On the topic of what constitutes a robocaller or “‘automatic telephone dialing system,” the Court sided with ACA, pointing out that the FCC’s previous interpretation could lead to unintended consequences such as ordinary people suddenly finding themselves in violation of the law simply by making use of their smartphone. The opinion reads:
“Imagine, for instance, that a person wishes to send an invitation for a social gathering to a person she recently met for the first time. If she lacks prior express consent to send the invitation, and if she obtains the acquaintance’s cell phone number from a mutual friend, she ostensibly commits a violation of federal law by calling or sending a text message from her smartphone to extend the invitation.”
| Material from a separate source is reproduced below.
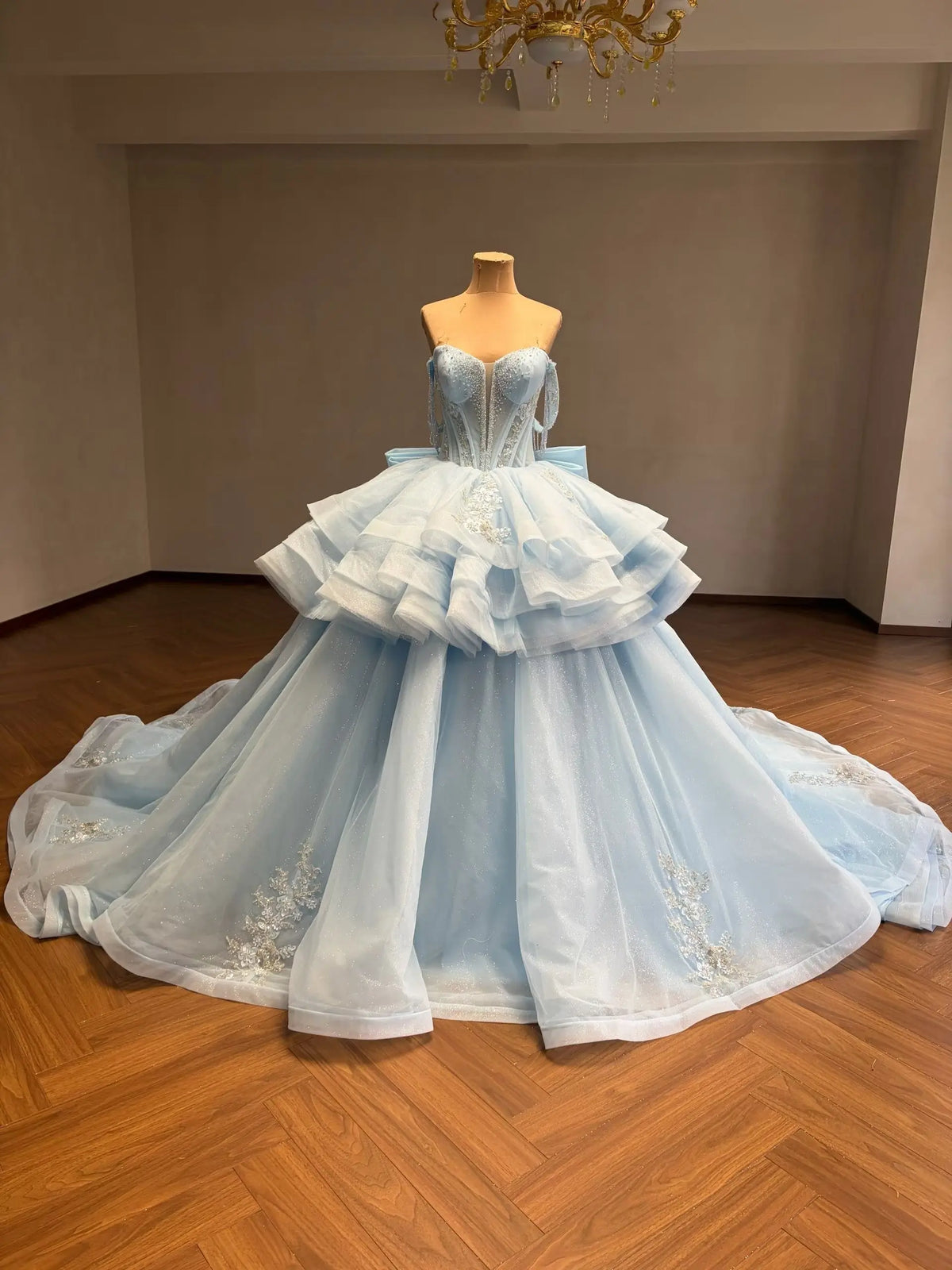 Mint green convertible quinceañera ball gown with a beaded corset bodice, tiered ruffled overskirt, and floral appliqué.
Finally, the Appeals Court sided with ACA with regard to instances where a robocaller calls an existing number that has been reassigned, thus inadvertently making an unsolicited call to a person with whom the organization does not have a prior business relationship or express consent to receive calls. Previous FCC interpretations had allowed for one mistaken call to a given number under these circumstances, but ACA argued that that number was arbitrary.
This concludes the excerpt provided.